America's First Talkie Film



America’s first Talkie film
(Feature film with sound)

Don Juan is a 1926 American romantic adventure/drama film directed by Alan Crosland. It is the first feature-length film to utilize the Vitaphone sound-on-disc sound system with a synchronized musical score and sound effects, though it has no spoken dialogue. The film is inspired by Lord Byron's 1821 epic poem of the same name. The screenplay was written by Bess Meredyth with intertitles by Maude Fulton and Walter Anthony, Screenplay by Bess Meredyth.

Don Juan stars John Barrymore as the hand-kissing womanizer. The film has the most kisses in film history, with Barrymore kissing (all together) Mary Astor and Estelle Taylor 127 times.

The music of the film is given by William Axt David Mendoza, Cinematography by Byron Haskin under the productiion and distribution of Warner Bros. Pictures, the film was released in August 6, 1926 (NYC) with a running time of 112 minutes.
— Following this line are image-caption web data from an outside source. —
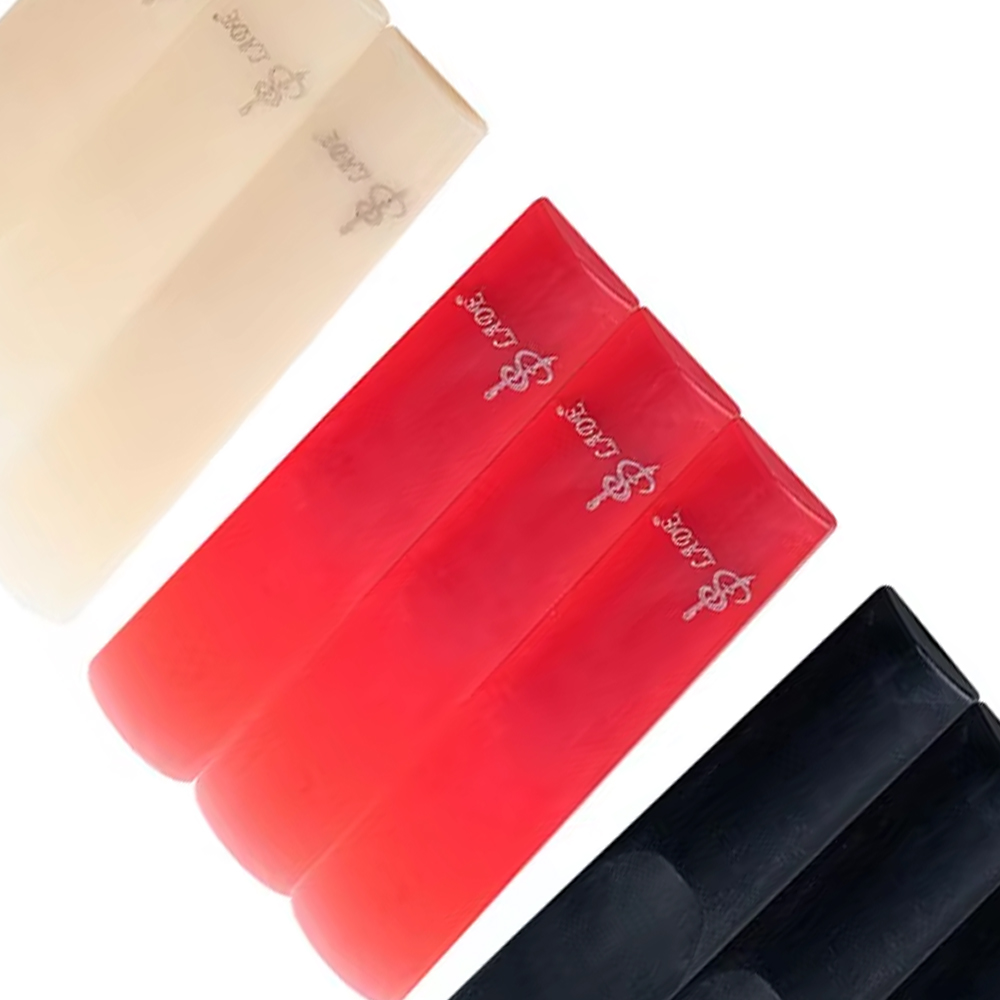 New Resin Saxophone Reed Three - огляд і ціна Saxophone Reed Pack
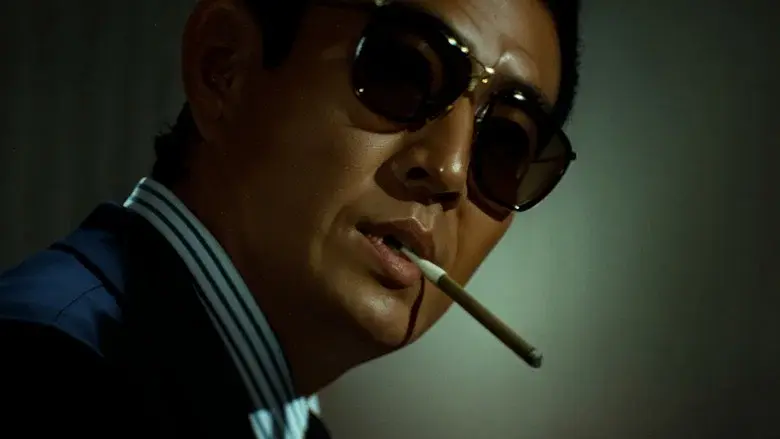Golgo 13 still 2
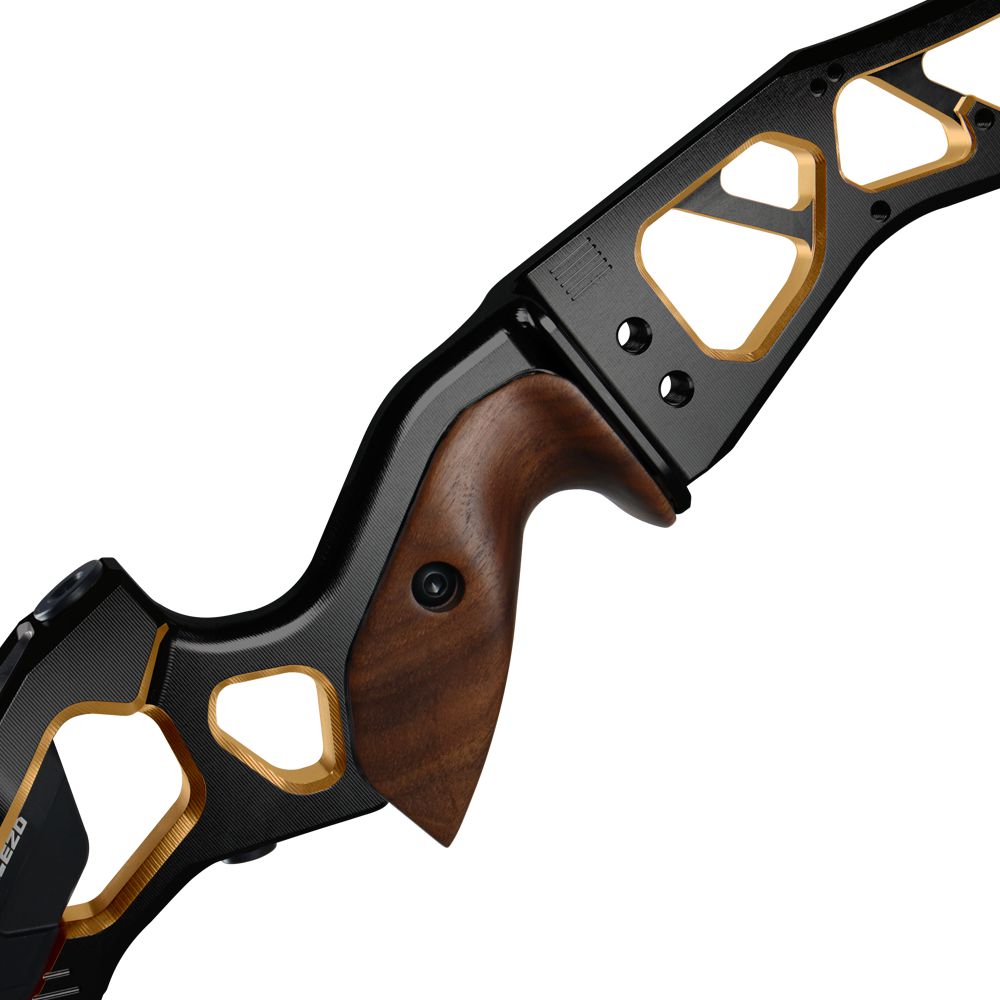 Kinetic Elezo 27in riser DUAL COLOUR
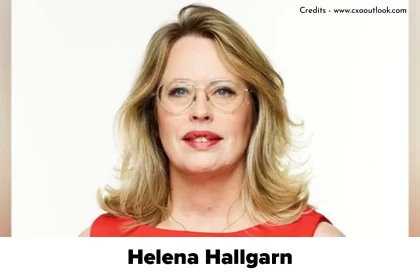 Helena Hallgarn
The film was produced with a budget of $789,963 and in return made a total box office collection of $1,258,000.


The first recorded instance of photographs capturing and reproducing motion was a series of photographs of a running horse by Eadweard Muybridge, which he captured in Palo Alto, California, using a set of still cameras placed in a row. Muybridge's accomplishment led inventors everywhere to attempt to make similar devices that would capture such motion. In the United States, Thomas Edison was among the first to produce such a device, the kinetoscope.